IVI Translation refers to a stateless IPv4/IPv6 translation technique. It allows hosts in different address families (IPv4 and IPv6) communicate with each other and keeps the end-to-end address transparency.

Stateless NAT64 can be used in 4 different scenarios:

- An IPv6 network to the IPv4 Internet
- The IPv4 Internet to an IPv6 network
- An IPv6 network to an IPv4 network
- An IPv4 network to an IPv6 network

Stateless NAT64 is a replacement of SIIT (RFC 6145).

== Naming ==
The name "IVI" represents the number 4 (IV) and 6 (VI) in roman numerals merged to represent the IPv4/IPv6 translation.

==How it works==

===Stateless NAT64 building blocks===
- Address translation defined in RFC 6052 is a stateless mapping scheme, which embeds IPv4 address in network specific IPv6 prefix and forms IPv4-converted and IPv4-translatable addresses. The IPv4-converted IPv6 addresses are the IPv6 addresses used to represent IPv4 nodes in an IPv6 network. The IPv4-translatable IPv6 addresses are the IPv6 addresses assigned to IPv6 nodes for use with stateless translation.
- Header translation and ICMP translation defined in RFC 6145 are algorithms to perform header translation between IPv4 and IPv6, as well as between ICMP and ICMPv6.
- DNS record translation (DNS64) defined in RFC 6147 describes mapping from A record to AAAA record defined in RFC 6052.

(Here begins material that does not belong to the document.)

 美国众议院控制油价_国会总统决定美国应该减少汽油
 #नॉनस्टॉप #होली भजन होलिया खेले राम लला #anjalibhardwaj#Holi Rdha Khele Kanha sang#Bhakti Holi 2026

===Stateless NAT64 extensions===
- Address sharing stateless NAT64 enables multiple IPv6 nodes sharing a single public IPv4 address, with each node managing a different range of ports. This can be achieved by defining suffix of the address format RFC 6052.
- Dual stateless translation is also called dIVI Translation. Due to the stateless nature, after the second translation, the original IPv4 address can be restored. The advantage of stateless NAT464 is that the DNS64 and application-level gateway (ALG) are not needed.

===Case study===
- RFC 6219: China Education and Research Network (CERNET)'s IVI translation design and deployment for the IPv4/IPv6 coexistence and transition.
- RFC 7599: MAP-T is being used on the IPv6-only "CERNET2", expanding on the work done with CERNET.

===Relation to Stateful NAT64===
- The stateless NAT64 also forms the basic building blocks for stateful NAT64. Additional building block is the maintaining of the translation states defined in RFC 6146.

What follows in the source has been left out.